On an August day last year, Shandas and other researchers compiled 75,000 temperature measurements from around New Orleans. They found that the coolest areas sat at around 88 degrees, while the hottest areas skyrocketed to 102 degrees. “It has to do with green space, it also has a lot to do with the configuration of the buildings, as well as the building materials,” says Shandas.
It also has to do with New Orleans’ history of redlining, a racist policy in which the government labeled Black and immigrant neighborhoods as not fit for investment. “These were not the places where money was being lent for homeownership—people were denied access to federally-backed mortgages,” says Na’Taki Osborne Jelks, an environmental and health scientist at Spelman College. “These communities have not been invested in, in terms of parks and green spaces. And in some cases, where we find that you have a park here or there, you can also see the lack of maintenance.” And if your green space isn’t green, it isn’t doing its job.

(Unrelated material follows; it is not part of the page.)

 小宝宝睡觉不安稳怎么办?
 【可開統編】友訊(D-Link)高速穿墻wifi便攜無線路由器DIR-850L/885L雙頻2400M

The land in these redlined areas has been cheaper to develop. So when people have invested in them, it’s by building highways and adding heavy industries. “This is where the warehouses are, lots of buildings that have a lot of heat-absorbing surfaces,” says Jelks, “where you have all the asphalt and little vegetation that will help to cool things.”

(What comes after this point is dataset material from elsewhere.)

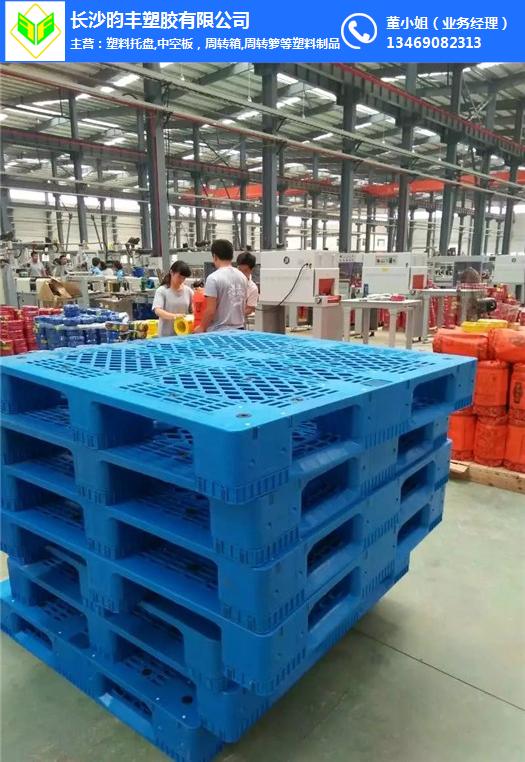 长沙昀丰塑料(图)-湖南塑料托盘厂家供应-塑料托盘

The problem is so acute that Shandas says temperatures in historically redlined areas are far hotter than other greener areas of New Orleans. Indeed, previous research has found that across the US, poorer neighborhoods with higher populations of people of color get up to 20 degrees hotter than wealthier white neighborhoods.
This extra heat can have devastating effects on human health: Hotter temperatures worsen air pollution, for instance, and the young and elderly are particularly sensitive to overheating. “Heat kills more people per year than any other natural disaster,” says Shandas. The death toll from Hurricane Ida stands in the dozens so far, but, he continues, “what is the more pernicious challenge here is the fact that heat comes slowly in after this hurricane.”
It doesn’t have to be this way. Cities can invest in greening up neighborhoods, and the federal government could deploy President Biden’s proposed Civilian Climate Corps to pay people to do the work. That would provide local jobs and help residents prepare for a warmer future.
But it’s not as easy as simply increasing investment, because that may end up gentrifying neighborhoods and forcing residents out. “We’ve also got to do it in an equitable fashion, by having policy supports in place that keep people in place to reap the benefits of these new investments, of these new greening initiatives,” says Jelks. “As we provide access to communities that have historically been denied that access, we have to be careful about green gentrification.” So by all means, green up the place, but also provide affordable housing that’ll make it possible for the current residents to keep living there.
More fundamentally, mitigating against heat could become part of general city planning. “Right now, there’s not a city that I know of in the US that is actively putting heat into their development codes,” says Shandas. That’s leaving cities poorly prepared for an even hotter future. Right now, New Orleans is a testament to what that will look like.